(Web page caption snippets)
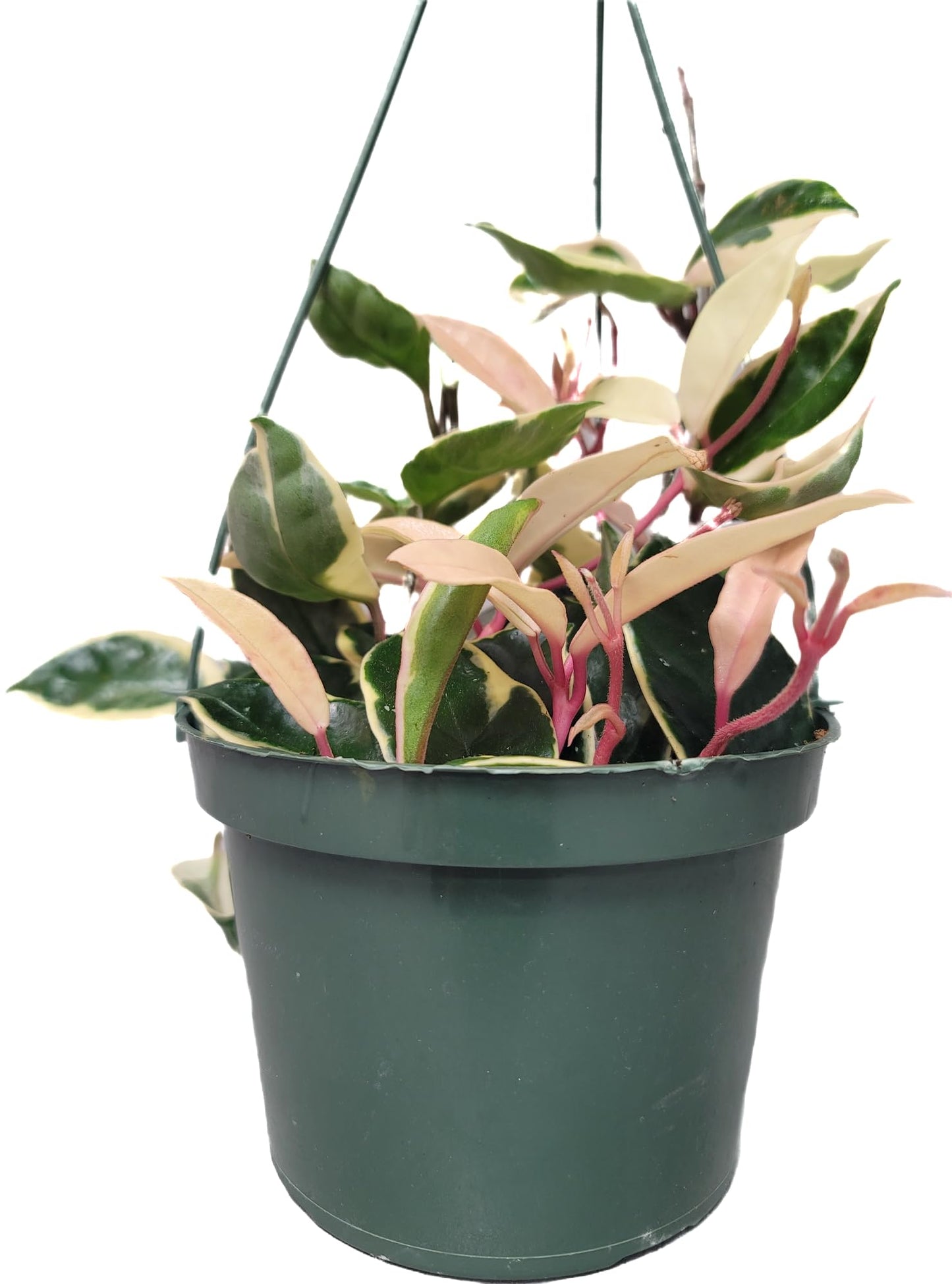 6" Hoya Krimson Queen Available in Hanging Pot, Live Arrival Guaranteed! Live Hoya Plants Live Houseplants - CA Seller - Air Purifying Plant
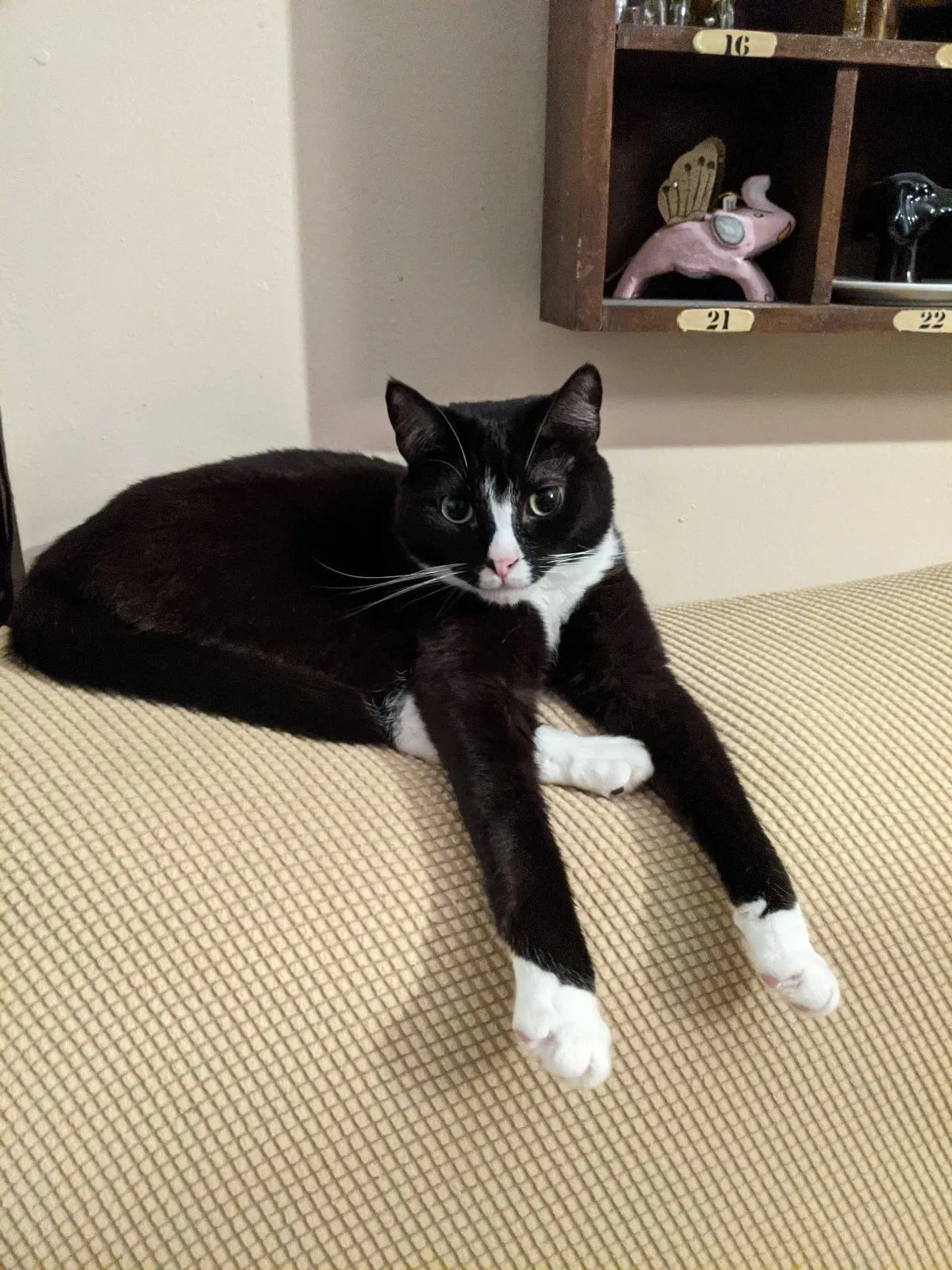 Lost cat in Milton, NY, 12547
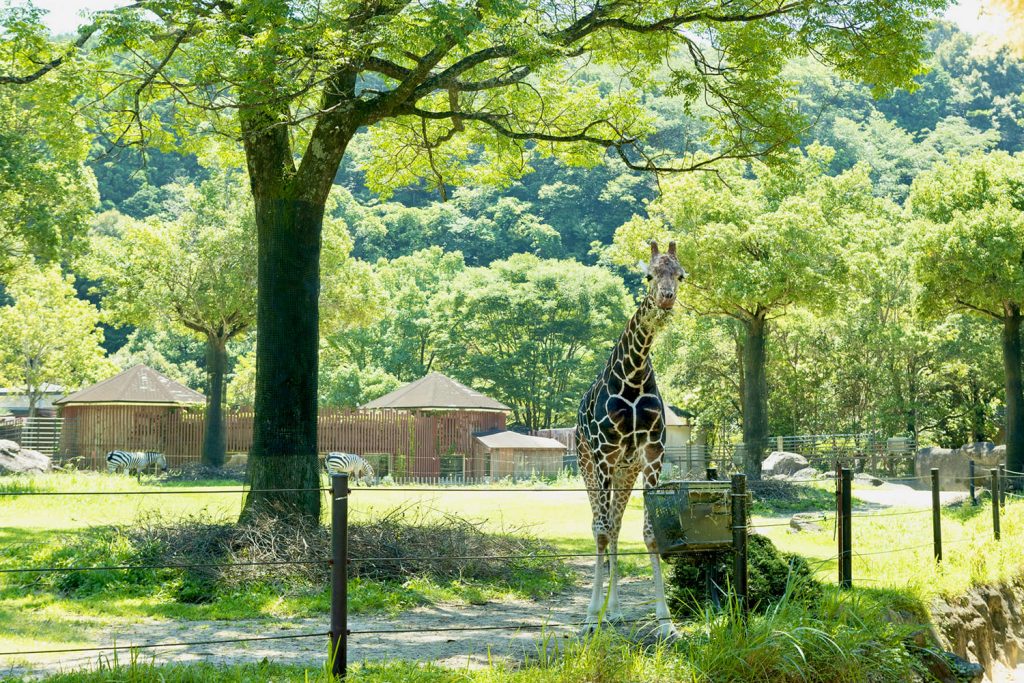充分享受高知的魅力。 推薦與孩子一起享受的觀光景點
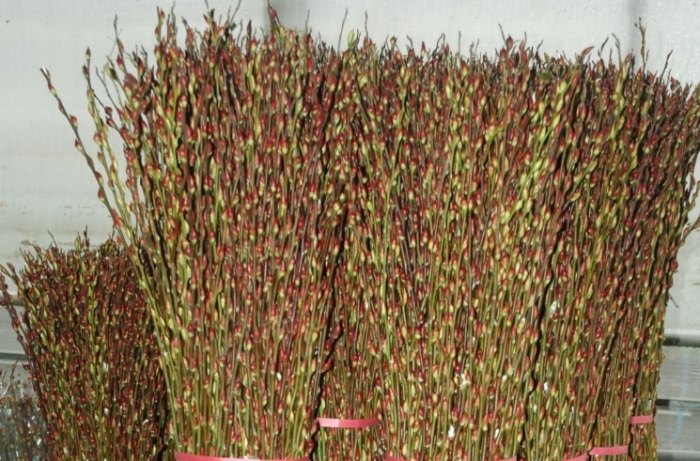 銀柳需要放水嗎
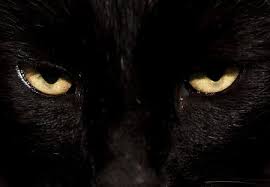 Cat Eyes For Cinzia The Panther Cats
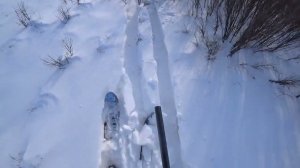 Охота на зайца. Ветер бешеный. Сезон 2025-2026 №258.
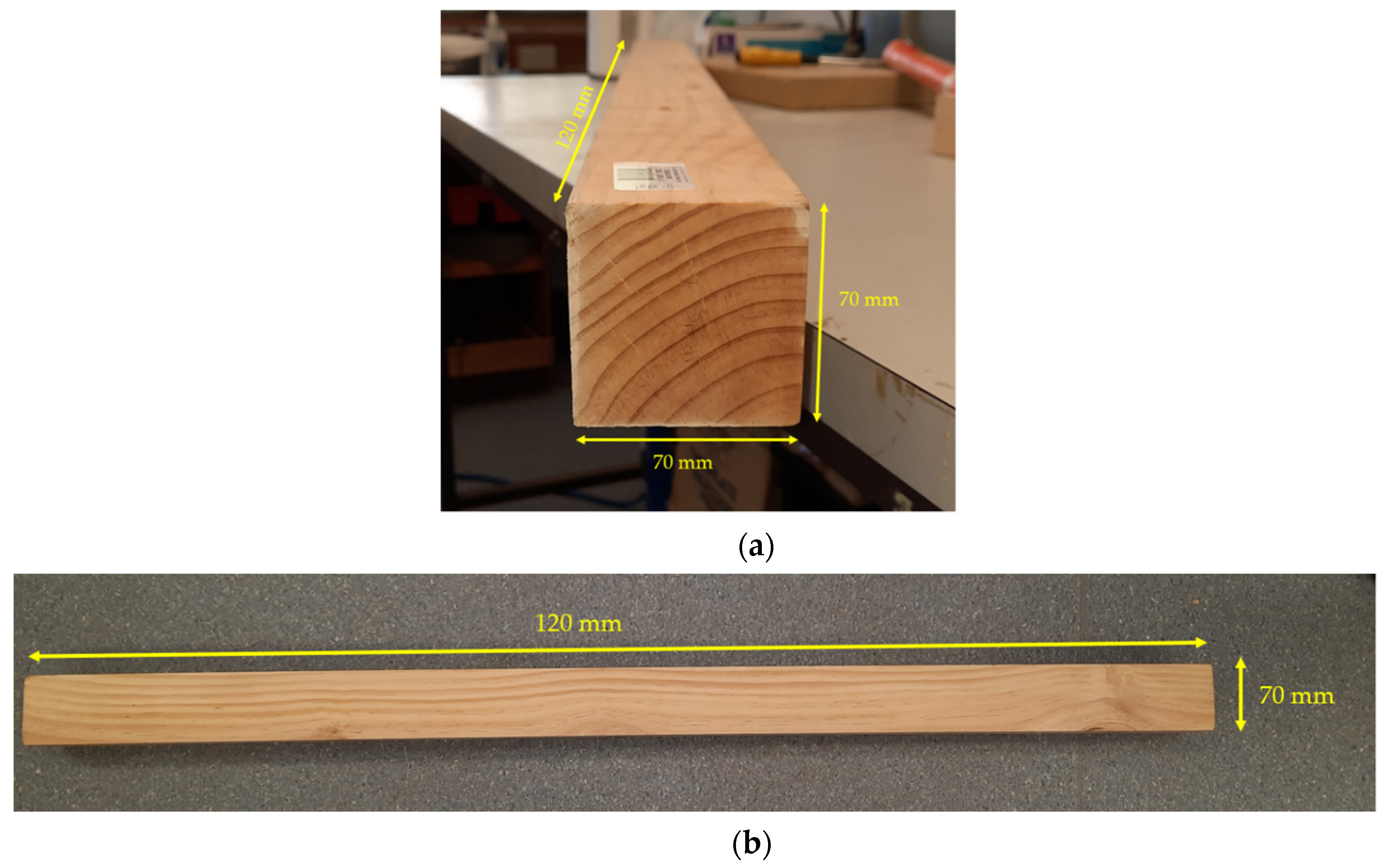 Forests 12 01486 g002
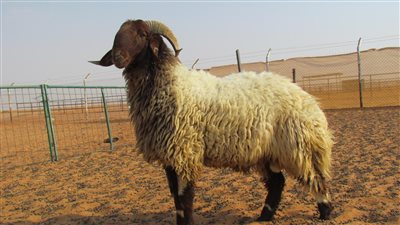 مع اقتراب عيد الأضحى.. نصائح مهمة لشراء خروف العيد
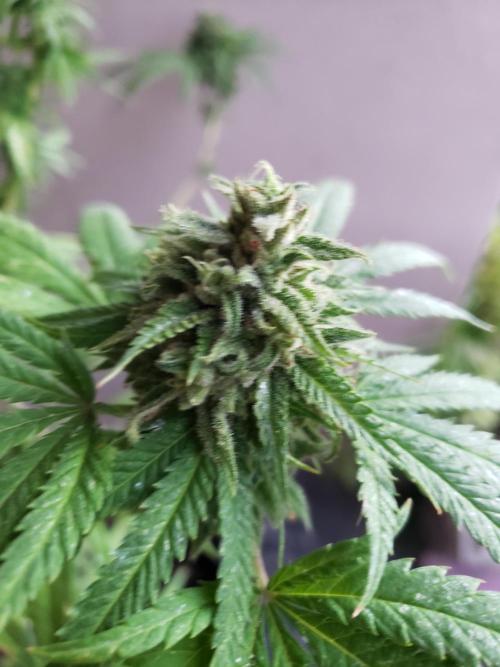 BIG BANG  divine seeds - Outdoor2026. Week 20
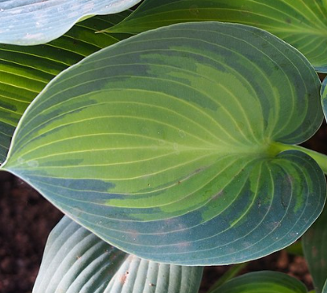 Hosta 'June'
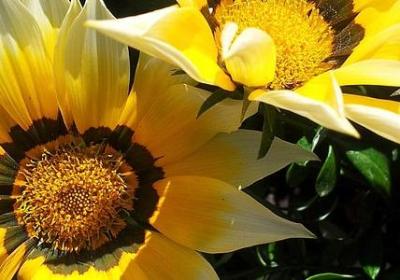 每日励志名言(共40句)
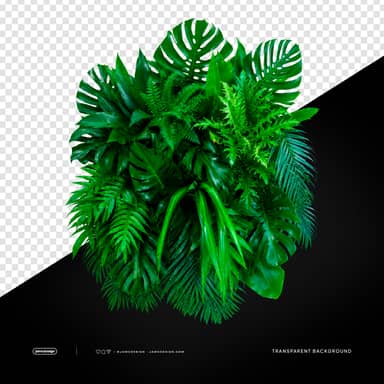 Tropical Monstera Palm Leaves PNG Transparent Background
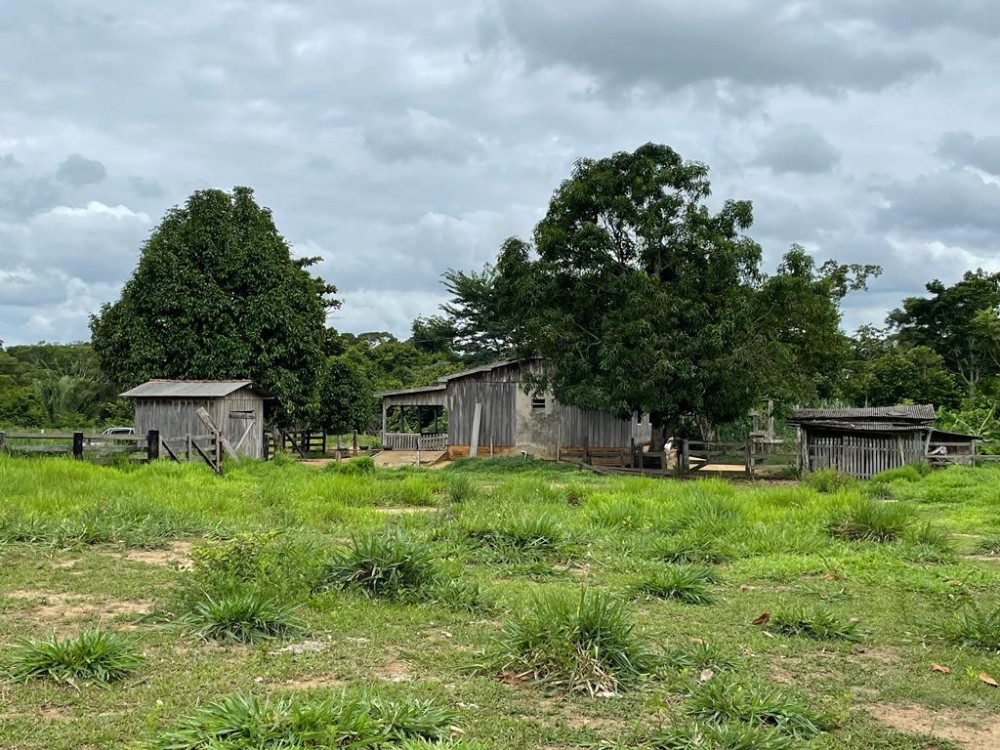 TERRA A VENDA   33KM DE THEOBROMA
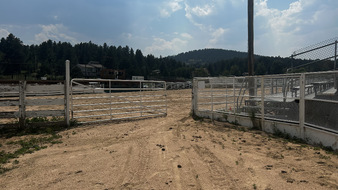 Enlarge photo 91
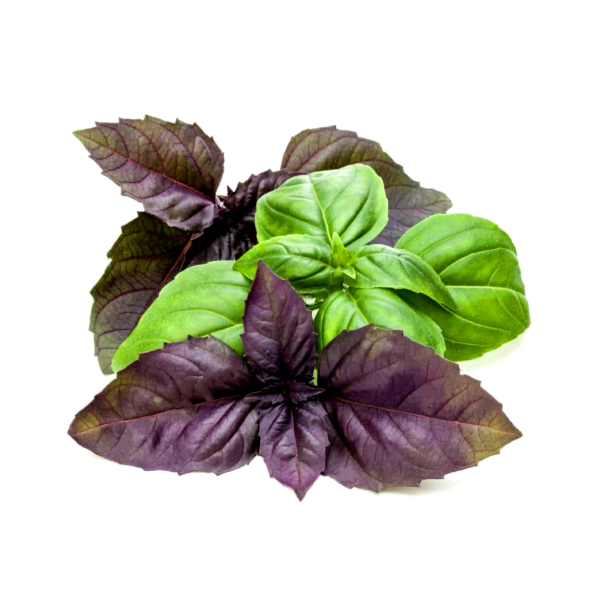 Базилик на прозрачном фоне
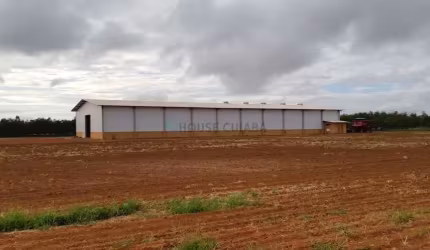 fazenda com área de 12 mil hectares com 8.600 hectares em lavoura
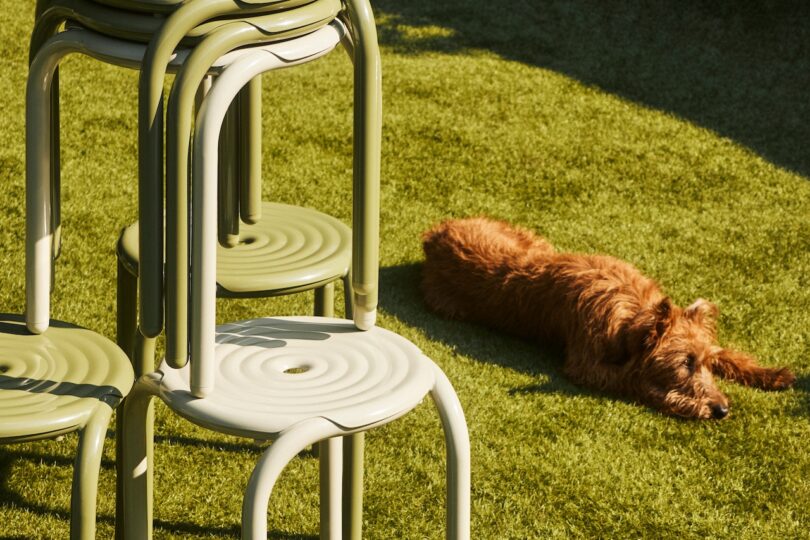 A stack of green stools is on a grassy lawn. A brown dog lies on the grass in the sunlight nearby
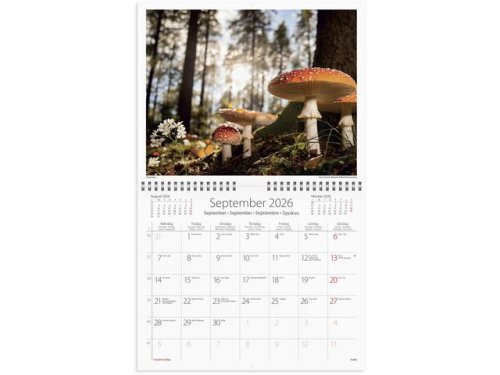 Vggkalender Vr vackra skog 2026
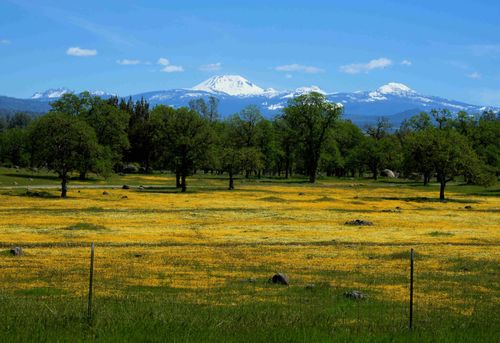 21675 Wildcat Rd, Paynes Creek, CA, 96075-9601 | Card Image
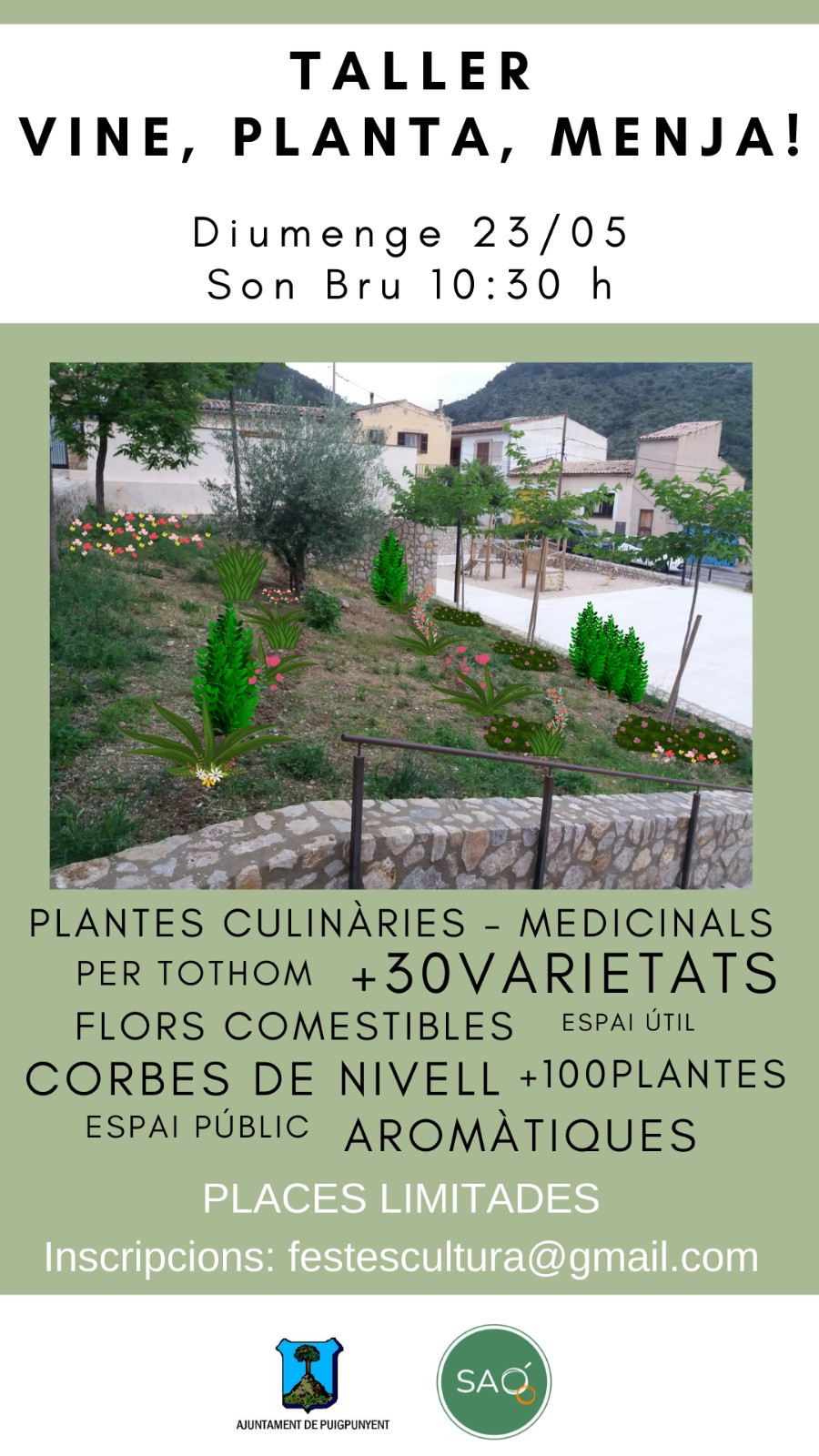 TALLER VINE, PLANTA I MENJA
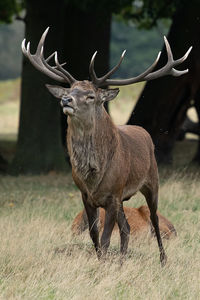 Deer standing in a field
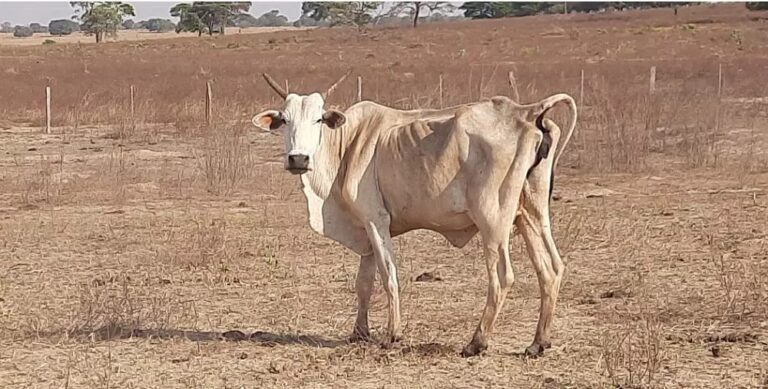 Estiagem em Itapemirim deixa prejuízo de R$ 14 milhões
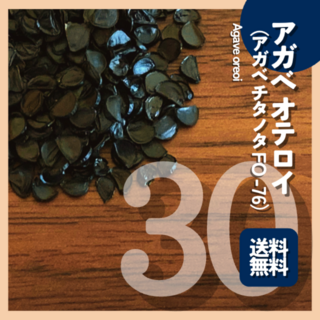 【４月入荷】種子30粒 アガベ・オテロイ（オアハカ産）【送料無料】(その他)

▸ **TRY IT**:
Extract word for word every line from the line that contains "مع اقتراب عيد" to the final line of the data, both included, and nothing else; skip the pictures.

▸ **TASK RESPONSE**:
 مع اقتراب عيد الأضحى.. نصائح مهمة لشراء خروف العيد
 BIG BANG  divine seeds - Outdoor2026. Week 20
 Hosta 'June'
 每日励志名言(共40句)
 Tropical Monstera Palm Leaves PNG Transparent Background
 TERRA A VENDA   33KM DE THEOBROMA
 Enlarge photo 91
 Базилик на прозрачном фоне
 fazenda com área de 12 mil hectares com 8.600 hectares em lavoura
 A stack of green stools is on a grassy lawn. A brown dog lies on the grass in the sunlight nearby
 Vggkalender Vr vackra skog 2026
 21675 Wildcat Rd, Paynes Creek, CA, 96075-9601 | Card Image
 TALLER VINE, PLANTA I MENJA
 Deer standing in a field
 Estiagem em Itapemirim deixa prejuízo de R$ 14 milhões
 【４月入荷】種子30粒 アガベ・オテロイ（オアハカ産）【送料無料】(その他)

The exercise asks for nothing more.